Ziyah News Network Chief Reporter
Beitbridge- The Municipality of Beitbridge is reeling from nonpayers of its services derailing its efforts to not only provide efficient services but develop the town.
This emerged at the town’s mid-term budget review meeting where it was reported rate payers owe the Council a total of ZiG 54,332,107.97 headlined by commercial and high density residential rate payers who both owe over ZiG 30 million of the total debt due to the local authority.
To highlight the difficulties facing the Municipality due to the unpaid debt, recently the Zimbabwe National Water Authority (ZINWA) switched off water due to a debt of slightly over the ZiG 3.162 million and there was an uproar with fingers pointed at town house but the Council is owed about ZiG 9 million by rate payers in water bills.
Speaking at the meeting, Beitbridge Town Clerk Loud Ramakgapola urged the residents to make efforts to pay what is due to council reiterating that going to court will be a last resort they ordinarily do not want to go.
“We do not want to go the route other councils have gone to repossess assets to recover debt, when you look at the Urban Councils Act it allows us to that but we are saying bring what you have to reduce your debt.

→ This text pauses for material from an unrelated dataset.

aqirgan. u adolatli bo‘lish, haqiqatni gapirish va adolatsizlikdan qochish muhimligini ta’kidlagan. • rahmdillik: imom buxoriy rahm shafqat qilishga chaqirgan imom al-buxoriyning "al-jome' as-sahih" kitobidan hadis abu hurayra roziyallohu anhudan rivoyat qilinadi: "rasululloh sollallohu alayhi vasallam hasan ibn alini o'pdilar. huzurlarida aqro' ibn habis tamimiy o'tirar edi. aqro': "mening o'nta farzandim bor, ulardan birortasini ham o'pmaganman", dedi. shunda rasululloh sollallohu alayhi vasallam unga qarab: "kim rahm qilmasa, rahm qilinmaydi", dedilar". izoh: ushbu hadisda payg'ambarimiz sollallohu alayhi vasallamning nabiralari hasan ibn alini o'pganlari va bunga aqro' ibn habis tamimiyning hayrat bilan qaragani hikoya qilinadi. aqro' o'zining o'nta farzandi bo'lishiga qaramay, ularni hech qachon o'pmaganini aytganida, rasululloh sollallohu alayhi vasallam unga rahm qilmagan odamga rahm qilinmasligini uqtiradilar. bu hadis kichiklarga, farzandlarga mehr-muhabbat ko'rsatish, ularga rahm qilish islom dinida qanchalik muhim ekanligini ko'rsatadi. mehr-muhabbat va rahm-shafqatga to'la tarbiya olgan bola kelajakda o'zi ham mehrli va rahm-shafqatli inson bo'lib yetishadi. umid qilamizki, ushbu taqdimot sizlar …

When it comes to water, we do not just switch off if your debt is reasonable, for high density we do not switch off when owe $70 and below, medium density its $90 and low density $120, he said.

The Town Clerk also made a plea to the Beitbridge business community to avail themselves and partner in developing the town under the Build Operate and Transfer (BOT) model towards creating the feel of a town.
“Business people need to come up, respond when we put up an expression of interest, put proposals to us and say I want to partner you, come in where we fall short, you come in put in the infrastructure after you recoup your investments, the structure remains, it is that partnership we are looking for between council and the business community,” he added.
As part of the midterm budget review, council also reported that it had budgeted with devolution funds in mind but that money has not been availed by treasury this year leaving most capital projects planned in limbo as revenue alone is not adequate to sustain capital intensive projects.